Camilla, la Cederna e le altre
di Camilla Cederna
a cura di Irene Soave
Bompiani, 2021

pp. 366
€ 19,00 (cartaceo)
€ 11,99 (ebook)


Volendo parafrasare con licenza poetica il titolo dell’ultimo lavoro curato da Irene Soave per Bompiani si potrebbe fare ricorso a quello di un celebre romanzo di un altrettanto celebre Premio Nobel italiano, ovvero colui che tra i primi seppe trarre eccellente letteratura dalla scissione dell’io individuale e dalla sua percezione sociale, rivelandone la grottesca ibridazione tra il prisma luminoso e lo specchio rotto.
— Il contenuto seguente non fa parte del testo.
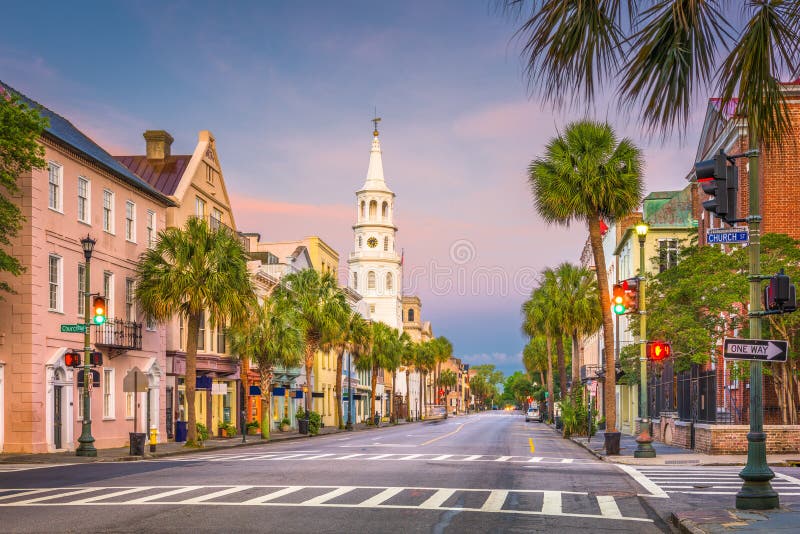 Charleston, Carolina del Sud, U.S.A.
Perché se in qualità di chiosa a Camilla, la Cederna e le altre apponessimo la dicitura Una, qualcuna e centomila non c’è dubbio che renderemmo parimenti giustizia alla formidabile firma del giornalismo italiano sulla quale è incentrato il volume: “una” in quanto di una donna ben precisa qui si tratta (la signora, o meglio la signorina “Camilla”, morta nel 1997 nella stessa Milano in cui era nata nel 1911); “qualcuna” se è vero che grazie alla sua inconfondibile verve ben seppe uscire dall’anonimato del “nessuno” in un ambiente a dominanza maschile come quello della carta stampata italiana (ed ecco dunque “la Cederna”, formula di riferimento in cui la presenza oggi così fastidiosa dell’articolo determinativo quasi tramutava un cognome in un epiteto del sé); “centomila”, infine, perché così numerose, e forse anche di più, furono le rappresentanti del gentil sesso (“le altre”) incontrate, intervistate e immortalate in una quantità di articoli pubblicati su quotidiani e riviste nel corso di una carriera lunga e che ebbe il privilegio di misurare il cosiddetto “secolo breve”, saggiandolo senza troppi sconti dalla mondanità alla politica, dal costume alla cronaca nera. 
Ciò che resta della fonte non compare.